About this task
Starting at the first line of the listing below, retype each line up to and including the one that contains "Cute angel figure, vector". Leave pictures out.

--- Material provided Enclosed Below ---

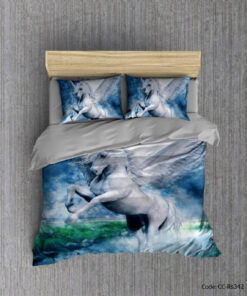 ست روتختی آبی مدل اسب سفید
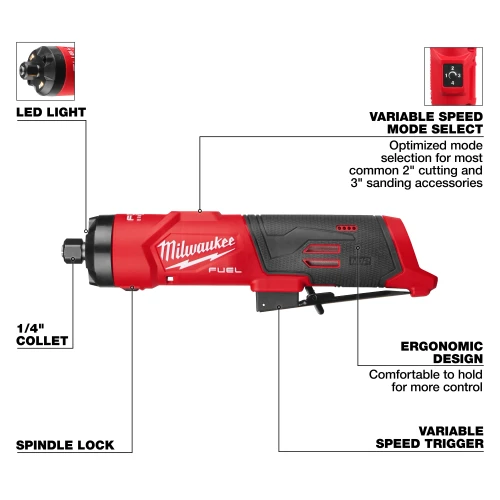 Milwaukee MIL-3486-20 M12 FUEL 12V 1/4in Straight Die Grinder Bare Tool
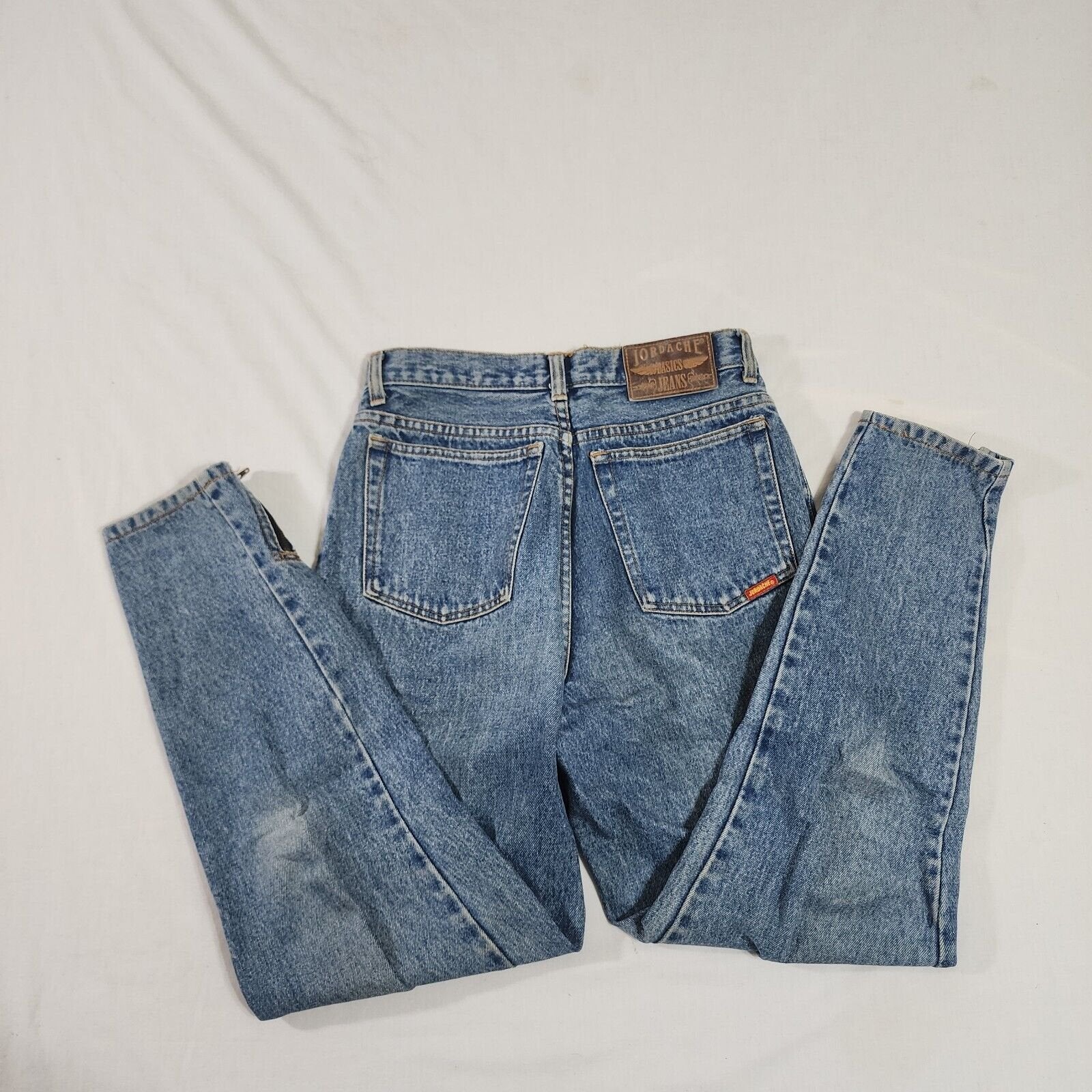 Vintage Jordache Tapered 80's ankle zip Jeans 9/10 26 x 27 Denim Blue Wash
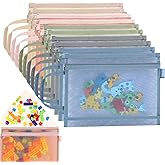 10 Packs Toy Storage Bags, Colored Toy Organizing Bag, 2Layers Mesh Zipper Pouch, for Building Blocks, Puzzles, Board Games Storage and Organization (A4)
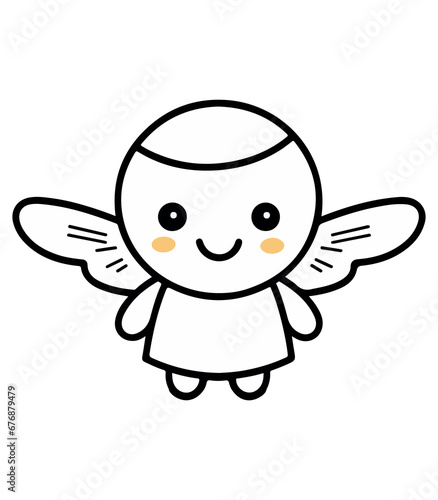 Cute angel figure, vector angel drawing, for kids, print ready, editable, eps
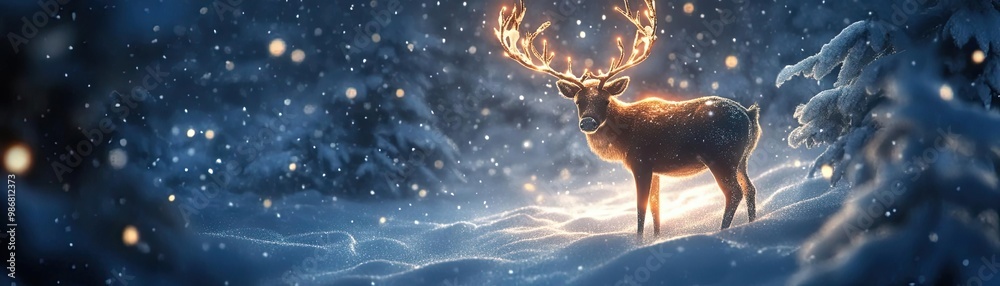 Poster a majestic deer illuminated by glowing antlers in a serene snow-covered forest, creating a magical w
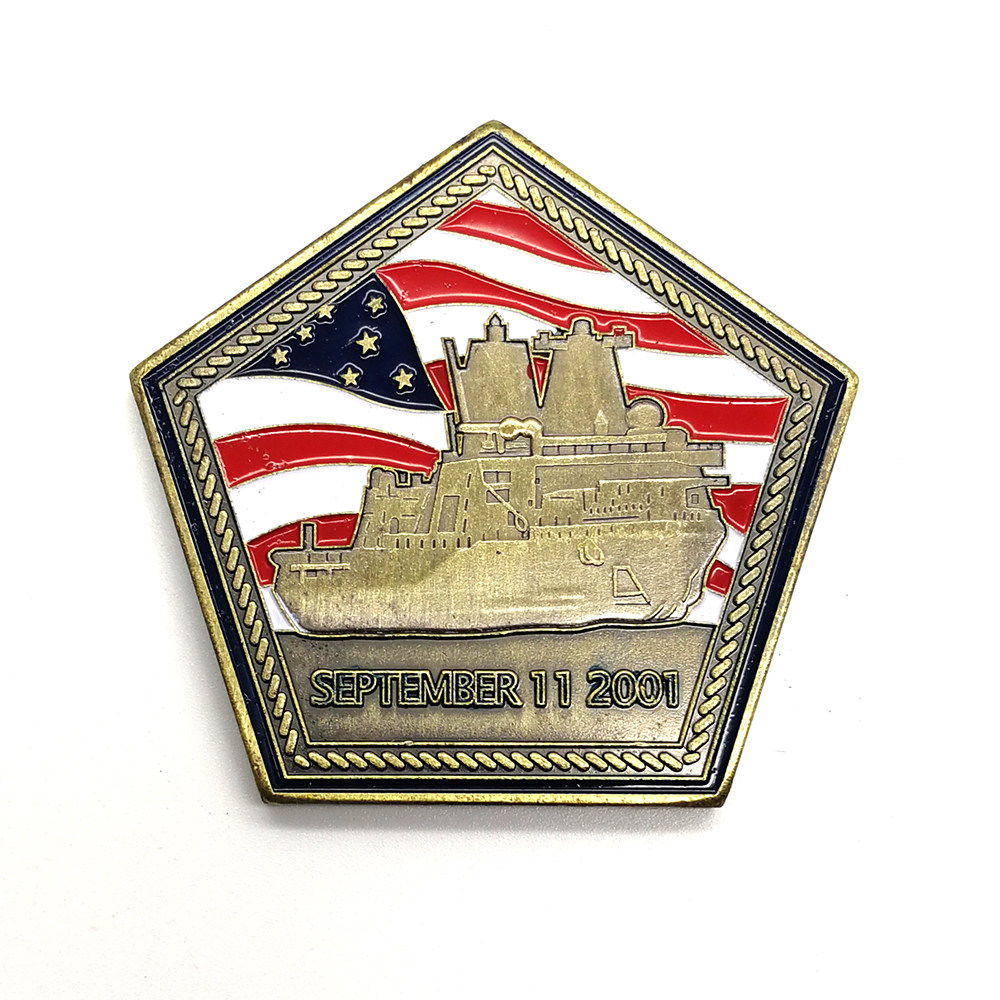 美国挑战轮船硬币异形五角形币定制周年纪念留念运动颁奖纪念章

--- End of Enclosed Material provided ---

Output of the task
 ست روتختی آبی مدل اسب سفید
 Milwaukee MIL-3486-20 M12 FUEL 12V 1/4in Straight Die Grinder Bare Tool
 Vintage Jordache Tapered 80's ankle zip Jeans 9/10 26 x 27 Denim Blue Wash
 10 Packs Toy Storage Bags, Colored Toy Organizing Bag, 2Layers Mesh Zipper Pouch, for Building Blocks, Puzzles, Board Games Storage and Organization (A4)
 Cute angel figure, vector angel drawing, for kids, print ready, editable, eps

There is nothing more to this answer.